Each entry below must appear in the answer exactly as written.

[[ Dataset excerpts open ]]

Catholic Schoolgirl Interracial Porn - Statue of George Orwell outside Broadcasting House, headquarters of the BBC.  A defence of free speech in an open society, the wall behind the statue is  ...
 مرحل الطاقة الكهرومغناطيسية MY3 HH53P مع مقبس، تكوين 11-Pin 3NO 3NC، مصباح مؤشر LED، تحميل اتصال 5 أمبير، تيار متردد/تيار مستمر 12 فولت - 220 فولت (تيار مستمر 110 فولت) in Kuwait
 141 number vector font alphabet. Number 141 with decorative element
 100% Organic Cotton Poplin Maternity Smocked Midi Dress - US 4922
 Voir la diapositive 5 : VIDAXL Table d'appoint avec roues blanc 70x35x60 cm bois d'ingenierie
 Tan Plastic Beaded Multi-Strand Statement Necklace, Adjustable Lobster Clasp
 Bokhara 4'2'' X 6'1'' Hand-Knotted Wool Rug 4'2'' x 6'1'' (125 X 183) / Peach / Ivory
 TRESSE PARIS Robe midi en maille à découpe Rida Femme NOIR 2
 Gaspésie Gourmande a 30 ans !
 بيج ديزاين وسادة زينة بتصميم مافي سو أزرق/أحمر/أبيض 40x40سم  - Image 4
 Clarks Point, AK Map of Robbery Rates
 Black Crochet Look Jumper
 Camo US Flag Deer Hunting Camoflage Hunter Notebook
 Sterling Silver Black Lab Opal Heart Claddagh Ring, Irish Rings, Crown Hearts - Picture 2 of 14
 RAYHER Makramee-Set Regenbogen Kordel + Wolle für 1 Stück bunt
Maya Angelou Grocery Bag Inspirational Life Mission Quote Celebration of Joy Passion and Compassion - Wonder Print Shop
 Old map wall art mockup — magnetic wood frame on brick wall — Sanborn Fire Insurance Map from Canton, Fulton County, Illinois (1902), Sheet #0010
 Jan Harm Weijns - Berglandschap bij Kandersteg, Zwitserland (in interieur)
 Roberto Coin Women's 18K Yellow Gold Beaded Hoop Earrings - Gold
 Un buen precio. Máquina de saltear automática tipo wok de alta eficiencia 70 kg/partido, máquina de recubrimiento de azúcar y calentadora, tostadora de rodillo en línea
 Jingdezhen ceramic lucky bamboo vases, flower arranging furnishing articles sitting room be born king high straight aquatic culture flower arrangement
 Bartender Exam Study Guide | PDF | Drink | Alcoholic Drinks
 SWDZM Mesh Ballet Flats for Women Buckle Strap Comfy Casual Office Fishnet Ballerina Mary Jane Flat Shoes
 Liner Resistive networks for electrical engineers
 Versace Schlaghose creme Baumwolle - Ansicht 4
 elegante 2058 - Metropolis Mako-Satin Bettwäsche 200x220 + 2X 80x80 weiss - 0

[[ Dataset excerpts closed ]]

### Response
Catholic Schoolgirl Interracial Porn - Statue of George Orwell outside Broadcasting House, headquarters of the BBC.  A defence of free speech in an open society, the wall behind the statue is  ...
 مرحل الطاقة الكهرومغناطيسية MY3 HH53P مع مقبس، تكوين 11-Pin 3NO 3NC، مصباح مؤشر LED، تحميل اتصال 5 أمبير، تيار متردد/تيار مستمر 12 فولت - 220 فولت (تيار مستمر 110 فولت) in Kuwait
 141 number vector font alphabet. Number 141 with decorative element
 100% Organic Cotton Poplin Maternity Smocked Midi Dress - US 4922
 Voir la diapositive 5 : VIDAXL Table d'appoint avec roues blanc 70x35x60 cm bois d'ingenierie
 Tan Plastic Beaded Multi-Strand Statement Necklace, Adjustable Lobster Clasp
 Bokhara 4'2'' X 6'1'' Hand-Knotted Wool Rug 4'2'' x 6'1'' (125 X 183) / Peach / Ivory
 TRESSE PARIS Robe midi en maille à découpe Rida Femme NOIR 2
 Gaspésie Gourmande a 30 ans !
 بيج ديزاين وسادة زينة بتصميم مافي سو أزرق/أحمر/أبيض 40x40سم  - Image 4
 Clarks Point, AK Map of Robbery Rates
 Black Crochet Look Jumper
 Camo US Flag Deer Hunting Camoflage Hunter Notebook
 Sterling Silver Black Lab Opal Heart Claddagh Ring, Irish Rings, Crown Hearts - Picture 2 of 14
 RAYHER Makramee-Set Regenbogen Kordel + Wolle für 1 Stück bunt
Maya Angelou Grocery Bag Inspirational Life Mission Quote Celebration of Joy Passion and Compassion - Wonder Print Shop
 Old map wall art mockup — magnetic wood frame on brick wall — Sanborn Fire Insurance Map from Canton, Fulton County, Illinois (1902), Sheet #0010
 Jan Harm Weijns - Berglandschap bij Kandersteg, Zwitserland (in interieur)
 Roberto Coin Women's 18K Yellow Gold Beaded Hoop Earrings - Gold
 Un buen precio. Máquina de saltear automática tipo wok de alta eficiencia 70 kg/partido, máquina de recubrimiento de azúcar y calentadora, tostadora de rodillo en línea
 Jingdezhen ceramic lucky bamboo vases, flower arranging furnishing articles sitting room be born king high straight aquatic culture flower arrangement
 Bartender Exam Study Guide | PDF | Drink | Alcoholic Drinks
 SWDZM Mesh Ballet Flats for Women Buckle Strap Comfy Casual Office Fishnet Ballerina Mary Jane Flat Shoes
 Liner Resistive networks for electrical engineers
 Versace Schlaghose creme Baumwolle - Ansicht 4
 elegante 2058 - Metropolis Mako-Satin Bettwäsche 200x220 + 2X 80x80 weiss - 0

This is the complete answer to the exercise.